国内メーカーの風力発電は一般に2―5年はメーカー保証、それ以降は事業者が保守を行う。
近年、電力会社系は初期からドローンを使い自社点検する例が増えている。東京電力ベンチャーズ(東京都千代田区)は2020年12月に米国の風力発電メンテの大手、スカイスペックスと提携。ユーラスエナジーの発電機170基をはじめ、500基近いドローン点検を実施した。
Jパワーは20年9月にKDDIと組み、点検時間が10分の1に短縮できることを実証し、21年に自社保有の67基の点検を実施。残る200基強もドローンで点検する方針だ。
関西電力は国のグリーンイノベーション基金を活用し今後、増えてくる浮体式洋上風力発電に対し、波で上下する発電機に追従するドローンの開発に乗り出す。

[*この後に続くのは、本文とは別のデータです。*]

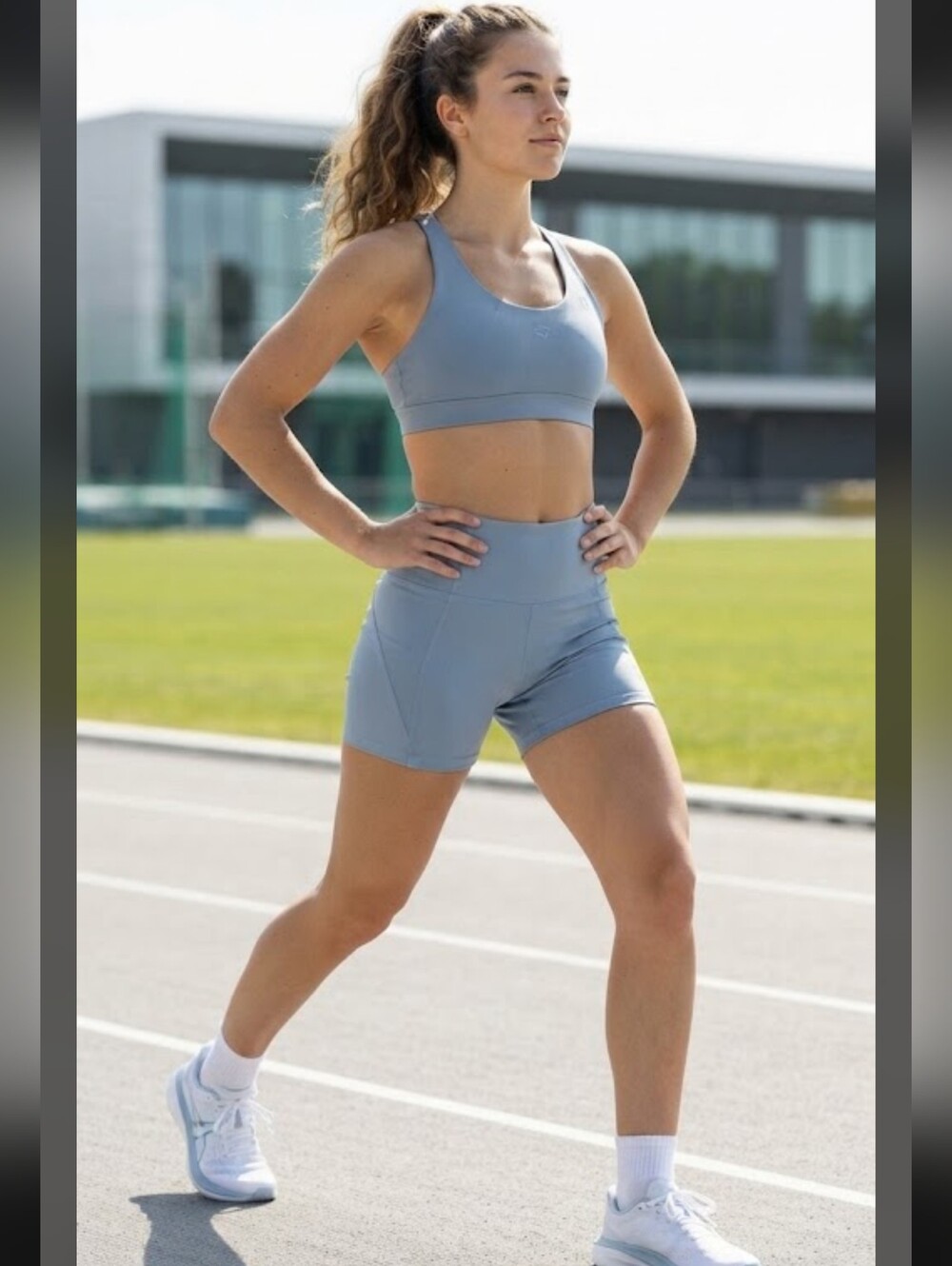 Compressive High-Rise Run Shorts (Style #4013).light blue green Size XS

ドローン点検は自律飛行で短時間に大量の写真を撮影し、クラウド上に上げたデータを人工知能(AI)と技術者の両方が判断する。この方法だと過去のデータからどの程度の状態か判断できるほか、地域やメーカーによる故障の傾向なども分かる。
「欧米の洋上風力メーカーは点検は最初からサードパーティーに任せ、強みを生かせる開発に特化する傾向にある」と田中雅文東電ベンチャーズ事業開発部長はいう。独シーメンスや米ゼネラル・エレクトリックの補修パーツはある程度共用できる。
中国ではドローン点検大手のクロボティクスが、欧州の同業3社を買収し、海外市場を強化している。国内ではまだ地上からの目視による点検も少なくない。国内メーカーは保守点検を自社事業として持つべきか、その岐路にいる。